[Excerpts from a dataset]
┄┄┄┄┄┄

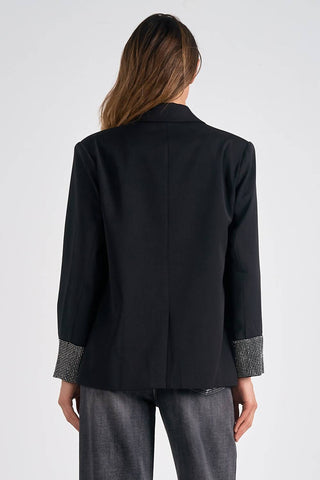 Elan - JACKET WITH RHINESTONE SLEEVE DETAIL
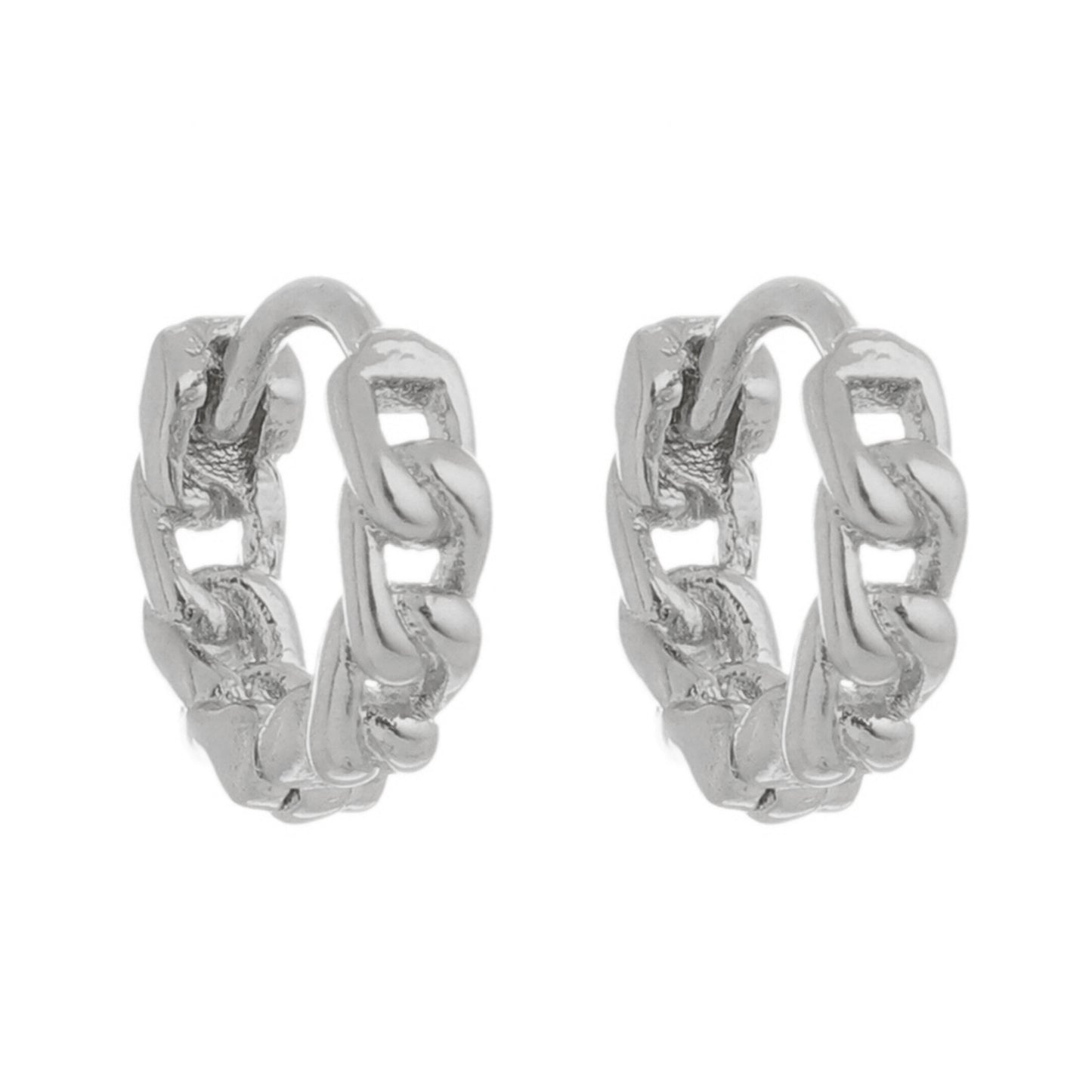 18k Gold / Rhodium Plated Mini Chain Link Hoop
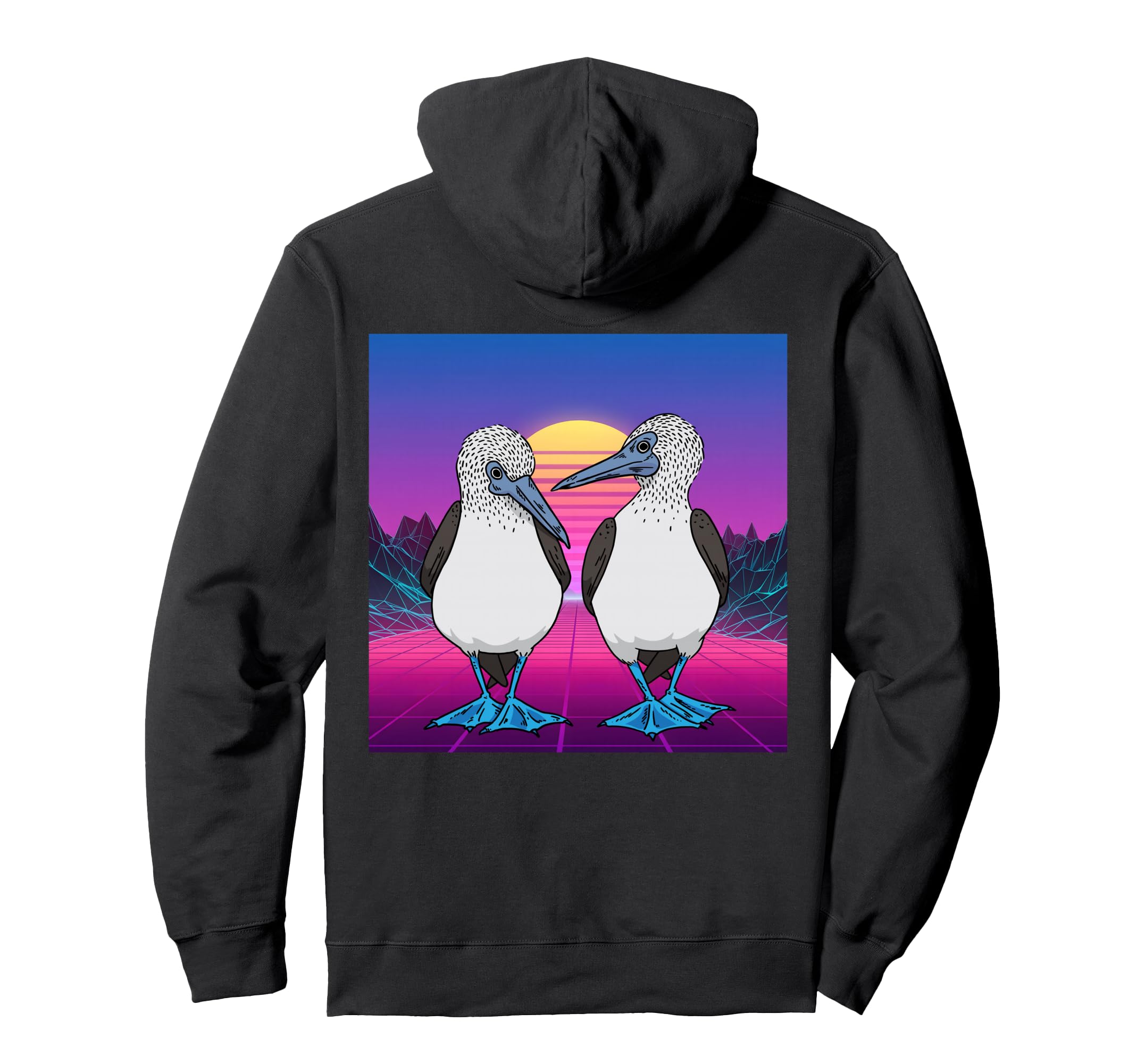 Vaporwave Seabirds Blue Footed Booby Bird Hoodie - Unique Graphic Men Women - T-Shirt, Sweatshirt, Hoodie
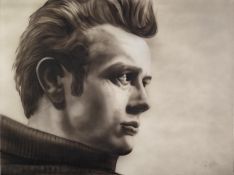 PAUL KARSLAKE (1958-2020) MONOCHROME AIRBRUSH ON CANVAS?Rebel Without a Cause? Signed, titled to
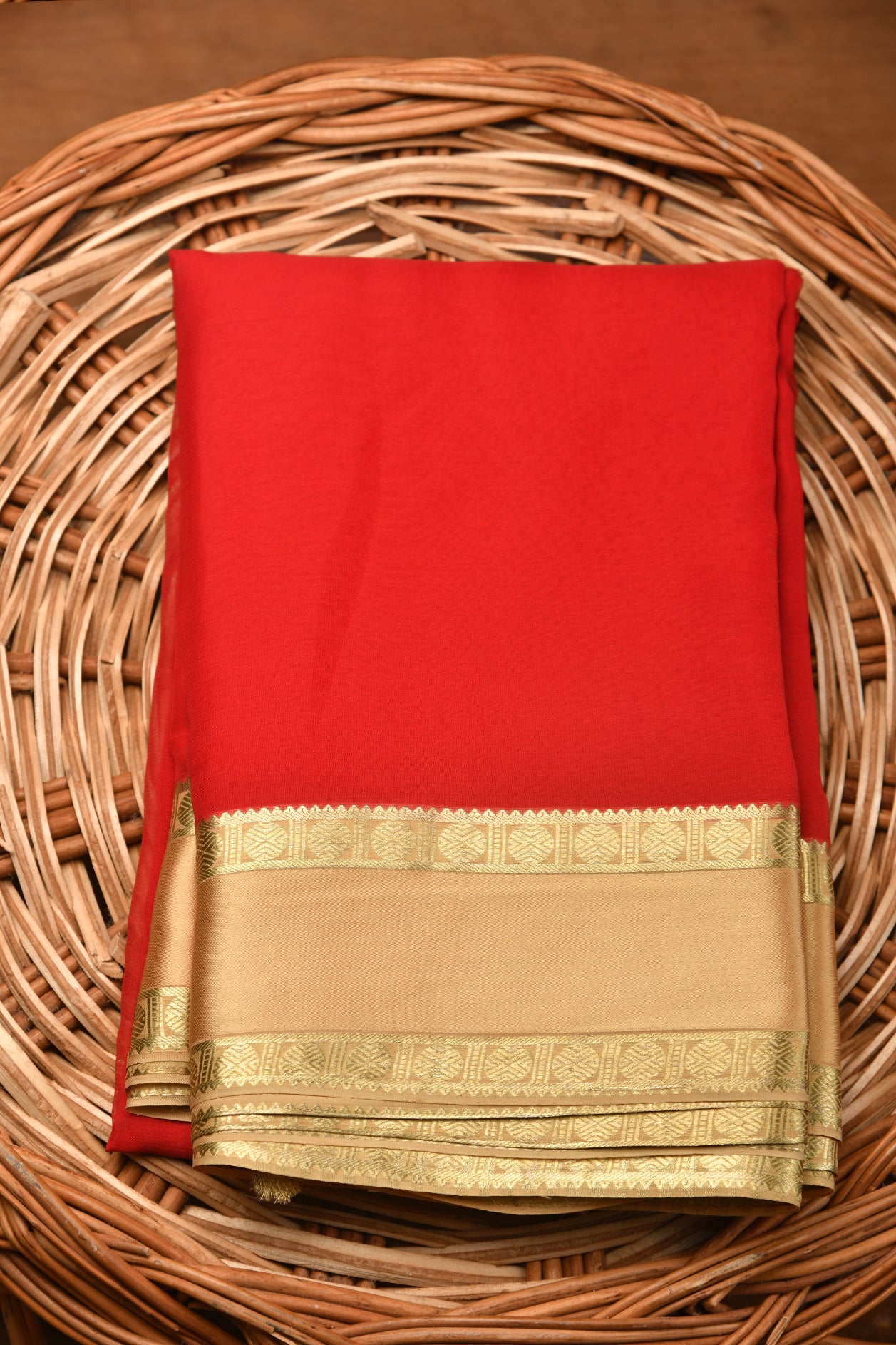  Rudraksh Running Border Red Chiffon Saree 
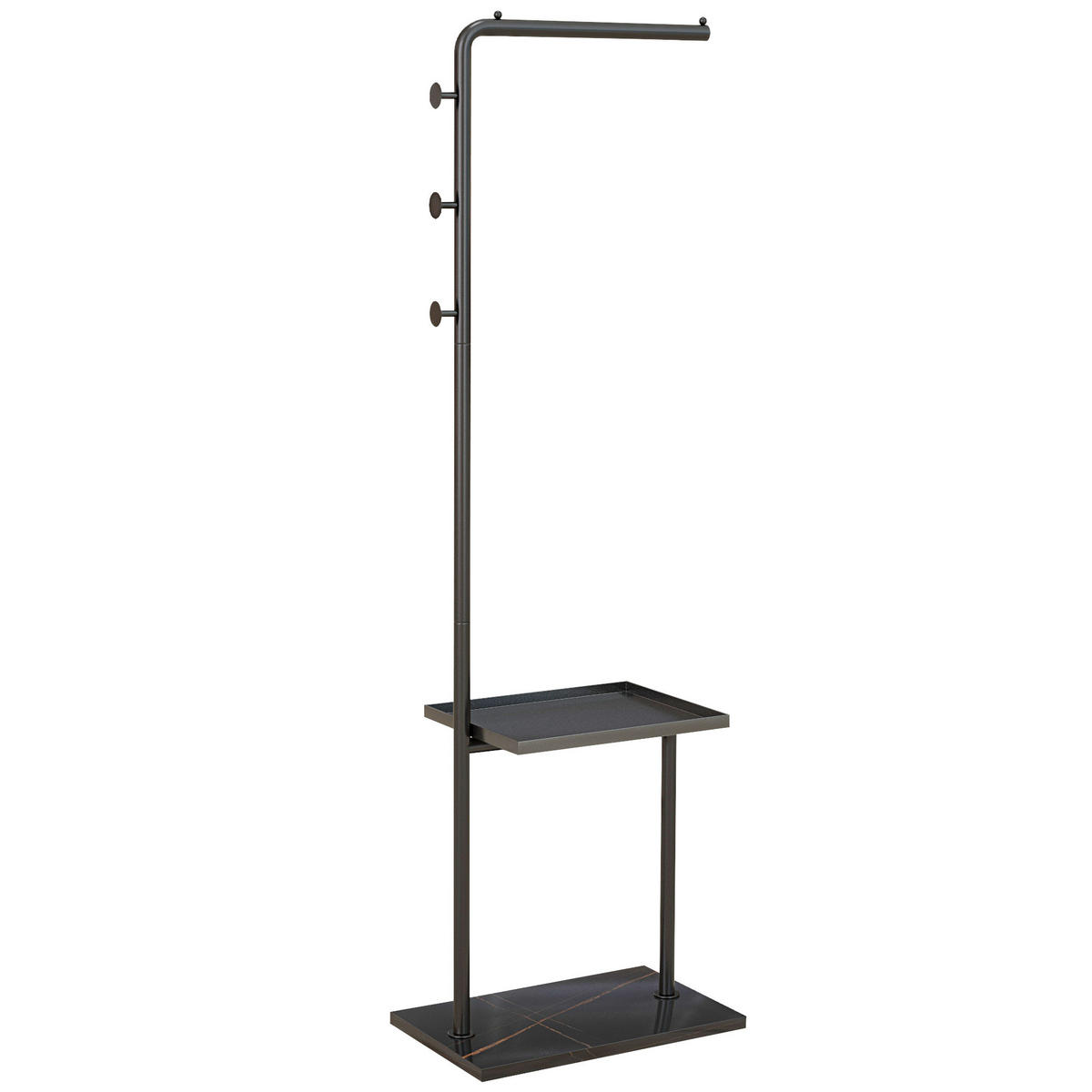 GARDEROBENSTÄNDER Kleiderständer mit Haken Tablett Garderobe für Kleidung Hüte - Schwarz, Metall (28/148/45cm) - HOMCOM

┄┄┄┄┄┄

*EXERCISE:* For every entry above, write it out exactly and remove any image.

*WRITTEN RESPONSE:*
 Elan - JACKET WITH RHINESTONE SLEEVE DETAIL
 18k Gold / Rhodium Plated Mini Chain Link Hoop
 Vaporwave Seabirds Blue Footed Booby Bird Hoodie - Unique Graphic Men Women - T-Shirt, Sweatshirt, Hoodie
 PAUL KARSLAKE (1958-2020) MONOCHROME AIRBRUSH ON CANVAS?Rebel Without a Cause? Signed, titled to
  Rudraksh Running Border Red Chiffon Saree 
 GARDEROBENSTÄNDER Kleiderständer mit Haken Tablett Garderobe für Kleidung Hüte - Schwarz, Metall (28/148/45cm) - HOMCOM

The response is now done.